Hacker News new | past | comments | ask | show | jobs | submit login
Hierarchical Structures in PostgreSQL (2020) (hoverbear.org)
248 points by belter on June 25, 2021 | hide | past | favorite | 50 comments



A great overview of the pros and cons of different approaches is given in https://de.slideshare.net/billkarwin/models-for-hierarchical...


The author of the deck has a book: SQL Antipatterns: Avoiding the Pitfalls of Database Programming.

It’s one of the best books for data model design. Highly recommend.


This is a great slide deck and directly follows what I learned about this over the years. In nearly every case I think you want a flattened table of the hierarchy. I hadn't heard the name closure table before so thanks.


Not sure the age on that slide deck but Sqlite has definitely supported recursive table expressions for years now. In some ways it is more permissive with syntax allowed in the recursive portion than Postgres.


Yes, many RDBMS's have gotten support for recursive CTE's as of recently. It's definitely not a niche feature anymore.


Recursive CTEs are almost never what you want. They're the database equivalent of pointer-chasing in code.

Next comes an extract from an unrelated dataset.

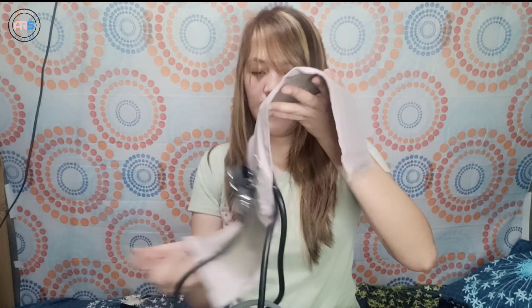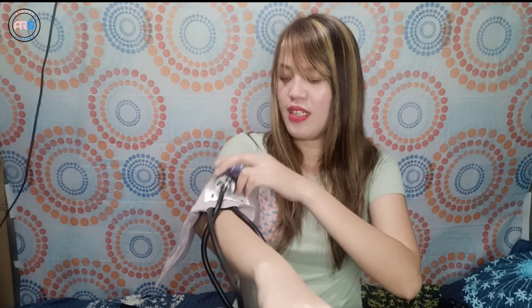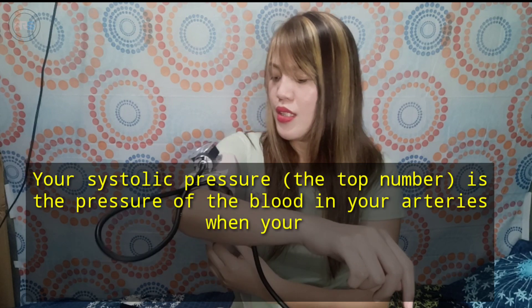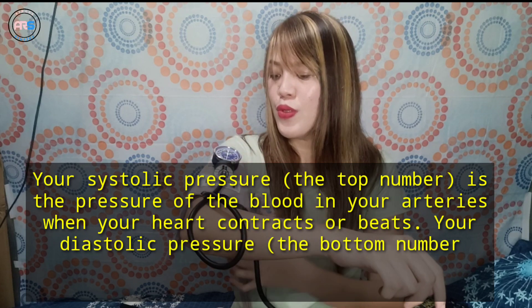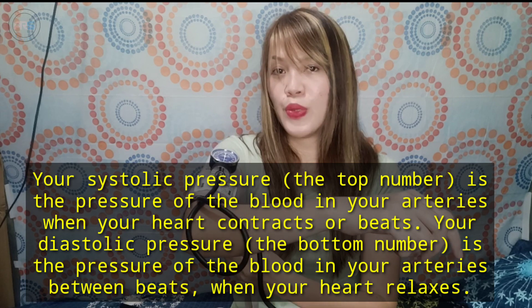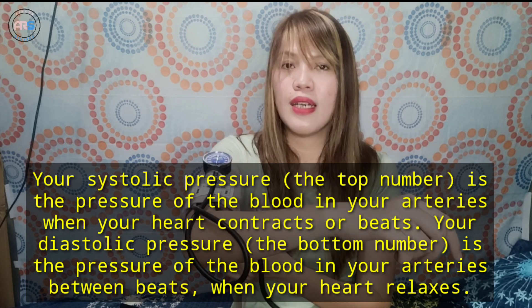Mabilis lang siyang i-assemble, di ba? So, pwede ko na agad itry sa sarili ko. Paano malalaman yung BP natin? It's systolic over diastolic. Yung first na tutunog, yun po yung pinaka-systolic natin. Then, yung last na pulse na tutunog is yung ating diastolic.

If you design your schema such that you need a recursive CTE to query it, be prepared for bad performance unless your CTE only ever does a handful of iterations over a handful of rows.

I like paths for representing hierarchy, but closure tables can also be a good idea, depending on what you're modelling and how you query it.


> They're the database equivalent of pointer-chasing in code.

That's the general case, but more specific CTE queries can be optimized, e.g. by adding database indexes. Recent versions of Postgres have greatly improved wrt. not making CTE's overly inefficient.


I said recursive CTEs. CTEs being an optimization barrier is a different issue - and often desirable with Postgres with its lack of optimization hints. Hence with not / materialized etc.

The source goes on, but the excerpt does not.